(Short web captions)

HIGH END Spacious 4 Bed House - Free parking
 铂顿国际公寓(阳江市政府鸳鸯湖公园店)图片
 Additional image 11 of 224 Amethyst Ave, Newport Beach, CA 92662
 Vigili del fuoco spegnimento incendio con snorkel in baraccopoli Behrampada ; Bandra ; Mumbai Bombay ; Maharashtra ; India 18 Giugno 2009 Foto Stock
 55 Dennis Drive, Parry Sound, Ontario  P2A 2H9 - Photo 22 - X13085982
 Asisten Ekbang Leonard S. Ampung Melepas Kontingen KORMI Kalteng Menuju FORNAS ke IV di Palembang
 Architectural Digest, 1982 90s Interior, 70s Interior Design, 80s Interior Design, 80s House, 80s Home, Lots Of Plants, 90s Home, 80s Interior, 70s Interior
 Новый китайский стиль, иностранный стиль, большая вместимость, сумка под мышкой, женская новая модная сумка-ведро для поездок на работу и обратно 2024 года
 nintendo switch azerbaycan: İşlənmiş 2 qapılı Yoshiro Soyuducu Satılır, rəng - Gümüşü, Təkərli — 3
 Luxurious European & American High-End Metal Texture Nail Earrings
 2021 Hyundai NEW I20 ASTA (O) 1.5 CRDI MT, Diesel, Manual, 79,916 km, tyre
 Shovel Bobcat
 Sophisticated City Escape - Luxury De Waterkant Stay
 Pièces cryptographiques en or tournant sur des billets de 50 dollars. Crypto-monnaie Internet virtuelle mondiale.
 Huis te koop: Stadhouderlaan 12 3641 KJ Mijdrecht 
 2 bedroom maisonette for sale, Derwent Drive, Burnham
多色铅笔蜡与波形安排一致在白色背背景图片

(Your objective) Each line that includes the string "Drive" should be copied from the data.

(Response to the exercise)
 55 Dennis Drive, Parry Sound, Ontario  P2A 2H9 - Photo 22 - X13085982
 2 bedroom maisonette for sale, Derwent Drive, Burnham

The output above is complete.